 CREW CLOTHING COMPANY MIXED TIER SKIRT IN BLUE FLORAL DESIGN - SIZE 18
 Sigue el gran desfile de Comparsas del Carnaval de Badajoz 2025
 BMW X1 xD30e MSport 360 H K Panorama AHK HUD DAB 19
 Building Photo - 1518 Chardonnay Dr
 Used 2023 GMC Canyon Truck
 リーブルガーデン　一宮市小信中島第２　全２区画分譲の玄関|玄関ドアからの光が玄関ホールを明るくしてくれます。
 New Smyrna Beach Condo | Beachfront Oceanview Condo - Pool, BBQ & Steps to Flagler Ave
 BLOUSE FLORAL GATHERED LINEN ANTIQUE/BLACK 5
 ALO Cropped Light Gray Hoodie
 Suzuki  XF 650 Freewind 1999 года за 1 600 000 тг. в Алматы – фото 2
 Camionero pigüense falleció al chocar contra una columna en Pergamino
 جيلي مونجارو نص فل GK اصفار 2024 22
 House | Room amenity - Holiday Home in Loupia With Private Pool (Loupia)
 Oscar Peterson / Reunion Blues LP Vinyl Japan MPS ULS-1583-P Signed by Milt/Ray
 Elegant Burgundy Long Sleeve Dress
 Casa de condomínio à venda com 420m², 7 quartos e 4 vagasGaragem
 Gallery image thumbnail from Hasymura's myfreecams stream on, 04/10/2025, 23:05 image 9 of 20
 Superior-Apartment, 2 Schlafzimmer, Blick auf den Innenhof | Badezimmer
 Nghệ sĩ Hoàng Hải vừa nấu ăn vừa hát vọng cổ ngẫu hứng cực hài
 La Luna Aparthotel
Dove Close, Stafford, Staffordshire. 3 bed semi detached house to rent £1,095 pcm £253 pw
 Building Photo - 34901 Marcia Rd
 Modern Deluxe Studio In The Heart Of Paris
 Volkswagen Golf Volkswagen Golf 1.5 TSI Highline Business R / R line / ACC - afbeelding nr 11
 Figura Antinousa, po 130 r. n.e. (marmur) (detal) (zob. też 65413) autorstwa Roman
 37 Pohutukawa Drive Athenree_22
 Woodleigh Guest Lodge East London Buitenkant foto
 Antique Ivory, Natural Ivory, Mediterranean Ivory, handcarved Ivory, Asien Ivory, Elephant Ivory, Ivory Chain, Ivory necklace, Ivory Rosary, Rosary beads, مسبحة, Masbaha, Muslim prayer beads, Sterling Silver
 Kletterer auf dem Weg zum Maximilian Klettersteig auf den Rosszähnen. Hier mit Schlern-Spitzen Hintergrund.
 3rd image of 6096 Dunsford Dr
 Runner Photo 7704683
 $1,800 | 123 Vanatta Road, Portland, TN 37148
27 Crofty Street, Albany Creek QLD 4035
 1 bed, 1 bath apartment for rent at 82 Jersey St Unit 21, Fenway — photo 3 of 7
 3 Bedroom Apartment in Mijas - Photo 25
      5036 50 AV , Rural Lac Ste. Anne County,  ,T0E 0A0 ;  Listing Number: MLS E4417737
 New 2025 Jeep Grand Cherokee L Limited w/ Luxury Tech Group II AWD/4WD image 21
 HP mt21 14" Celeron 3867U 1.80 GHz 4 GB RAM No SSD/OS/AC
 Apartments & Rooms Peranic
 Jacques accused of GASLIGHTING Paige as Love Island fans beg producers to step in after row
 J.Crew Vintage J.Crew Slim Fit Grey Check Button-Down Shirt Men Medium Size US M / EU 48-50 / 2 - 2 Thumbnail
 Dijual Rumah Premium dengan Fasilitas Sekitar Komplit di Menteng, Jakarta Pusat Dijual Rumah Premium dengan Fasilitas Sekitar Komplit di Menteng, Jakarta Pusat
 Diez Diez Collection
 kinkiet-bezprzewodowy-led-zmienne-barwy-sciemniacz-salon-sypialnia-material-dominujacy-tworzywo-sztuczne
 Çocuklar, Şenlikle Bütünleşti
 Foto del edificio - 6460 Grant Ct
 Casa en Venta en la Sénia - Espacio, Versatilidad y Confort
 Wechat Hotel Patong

• • • •

● **Work task**
The lines above from the one containing "Antique Ivory, Natural" through the one containing "Portland, TN 37148" are to be set down exactly, and no others.

● **Exercise output**
 Antique Ivory, Natural Ivory, Mediterranean Ivory, handcarved Ivory, Asien Ivory, Elephant Ivory, Ivory Chain, Ivory necklace, Ivory Rosary, Rosary beads, مسبحة, Masbaha, Muslim prayer beads, Sterling Silver
 Kletterer auf dem Weg zum Maximilian Klettersteig auf den Rosszähnen. Hier mit Schlern-Spitzen Hintergrund.
 3rd image of 6096 Dunsford Dr
 Runner Photo 7704683
 $1,800 | 123 Vanatta Road, Portland, TN 37148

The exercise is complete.